Cette approche est consistante avec le modèle de traitement de l’information d’Horowitz (1979, 1986) qui conçoit les symptômes post-traumatiques comme une réaction au nombre excessif de données que constitue l’expérience traumatique. L’ESPT découlerait de l’incapacité de la victime à intégrer adéquatement ces nouvelles informations au sein de ses schémas cognitifs antérieurs.

La résorption des symptômes dépend donc de l’intégration de l’expérience traumatique.

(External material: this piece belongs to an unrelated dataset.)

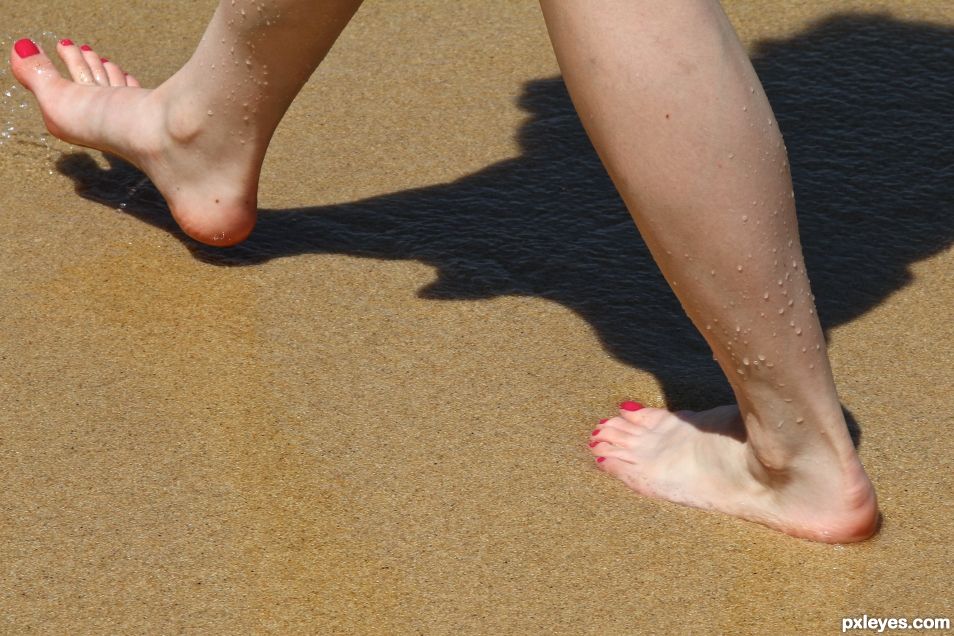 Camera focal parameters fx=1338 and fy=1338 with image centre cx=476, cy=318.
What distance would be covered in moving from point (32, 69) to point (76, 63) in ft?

La trame majeure de la thérapie EMDR peut se résumer de la façon suivante :

1. Les réseaux mnésiques sont à l’origine de nos perceptions, de nos attitudes et de nos comportements.
2. Le système de traitement de l’information conduit le matériel dysfonctionnel (qui peut être de nature traumatique) vers une solution.
3. Tout événement stressant petit ou grand peut constituer l’origine d’une pathologie.
4. Une perturbation du système de traitement de l’information empêche le traitement du matériel, ce qui conduit à un stockage non adapté et dysfonctionnel de celui-ci.
5. Lorsque la perception du présent renvoie aux réseaux mnésiques, les manifestations des souvenirs anciens non élaborés (digérés, métabolisés…) réapparaissent.
6. Les manifestations du souvenir non élaborées (digérées, métabolisées…) changent durant le processus de traitement s’orientant vers une solution adaptative (c’est-à-dire positive et optimale pour le sujet).
7. Les nouvelles cognitions, les nouvelles perceptions, valeurs et compréhension du sujet, les changements dans le ressenti, les réactions physiques et émotionnelles sont des conséquences du processus de traitement qui doit conduire à la désensibilisation.

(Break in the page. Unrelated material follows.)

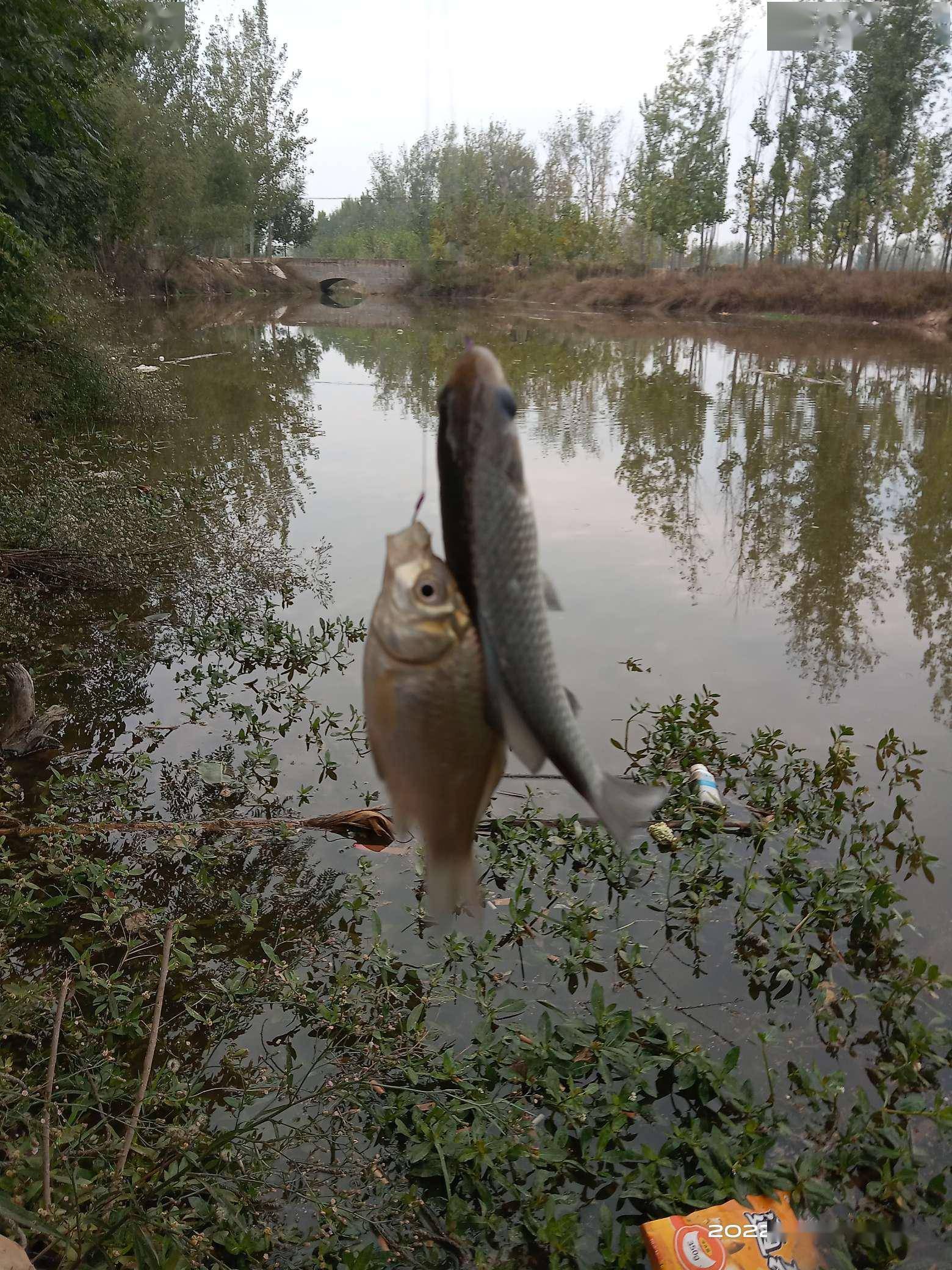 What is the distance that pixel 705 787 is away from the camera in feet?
16.3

La thérapie EMDR contient de nombreux éléments qui contribuent aux effets du traitement. Si de nombreuses études ont validé la méthodologie de la thérapie EMDR, il subsiste des questions concernant son mécanisme d’action. Comme nous l’avons évoqué précédemment pour expliquer les effets cliniques de la thérapie EMDR et guider sa pratique, les auteurs se réfèrent à un modèle de traitement de l’information (Shapiro, 2001).

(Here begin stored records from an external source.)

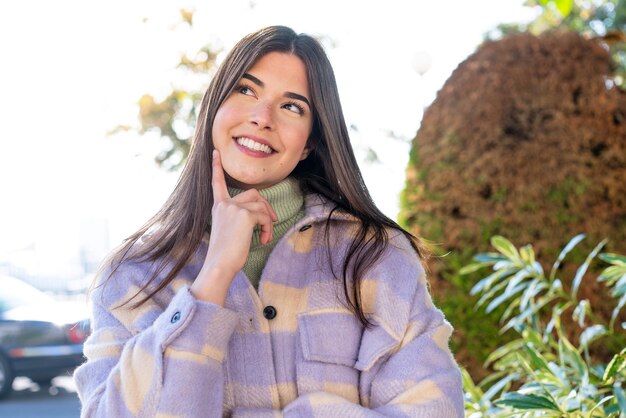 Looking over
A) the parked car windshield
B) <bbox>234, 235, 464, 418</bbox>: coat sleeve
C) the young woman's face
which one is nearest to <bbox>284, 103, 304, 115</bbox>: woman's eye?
the young woman's face

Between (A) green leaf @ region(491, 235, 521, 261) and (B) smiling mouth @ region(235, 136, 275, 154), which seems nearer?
(B) smiling mouth @ region(235, 136, 275, 154)

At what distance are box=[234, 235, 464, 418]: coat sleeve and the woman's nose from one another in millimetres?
385

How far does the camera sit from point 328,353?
1.88 metres

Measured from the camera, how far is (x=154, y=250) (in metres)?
2.00

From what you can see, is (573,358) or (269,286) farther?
(573,358)

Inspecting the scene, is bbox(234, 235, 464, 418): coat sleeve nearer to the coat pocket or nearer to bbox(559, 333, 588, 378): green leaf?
the coat pocket

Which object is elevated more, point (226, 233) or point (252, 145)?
point (252, 145)

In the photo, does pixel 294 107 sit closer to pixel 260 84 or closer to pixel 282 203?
pixel 260 84

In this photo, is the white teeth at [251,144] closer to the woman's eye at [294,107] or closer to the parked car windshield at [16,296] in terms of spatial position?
the woman's eye at [294,107]

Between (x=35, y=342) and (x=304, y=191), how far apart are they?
708cm

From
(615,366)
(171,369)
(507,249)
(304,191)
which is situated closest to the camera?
(171,369)

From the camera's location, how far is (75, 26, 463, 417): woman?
1.75 metres

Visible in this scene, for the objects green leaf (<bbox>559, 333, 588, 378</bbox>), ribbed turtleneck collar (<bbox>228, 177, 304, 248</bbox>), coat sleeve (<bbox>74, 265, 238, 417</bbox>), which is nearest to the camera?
coat sleeve (<bbox>74, 265, 238, 417</bbox>)

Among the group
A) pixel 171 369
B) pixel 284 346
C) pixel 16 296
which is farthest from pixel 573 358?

Or, ce modèle n’est lié à aucun mécanisme neurobiologique précis, dans la mesure où la science est encore aujourd’hui dans l’impossibilité de déterminer ce qui se passe, au plan neurobiologique, au cours d’une psychothérapie quelconque (comme pour beaucoup de traitements médicamenteux).


2.2. De la fonction des mouvements oculaires

L’attention des chercheurs s’est surtout portée sur les mouvements oculaires (et d’autres formes de stimulation bilatérale) susceptibles de constituer l’un des principes actifs de la démarche. Un parallèle est à faire avec ce qui se passe dans le sommeil à mouvements oculaires rapides (Rapid Eyes Movement - REM).
En effet, les mouvements oculaires rapides surviennent au cours des états de rêve et il existe de plus en plus de preuves montrant que le rôle des rêves est d’élaborer et de digérer psychiquement les vécus de la vie réelle (Carskadon, 1993).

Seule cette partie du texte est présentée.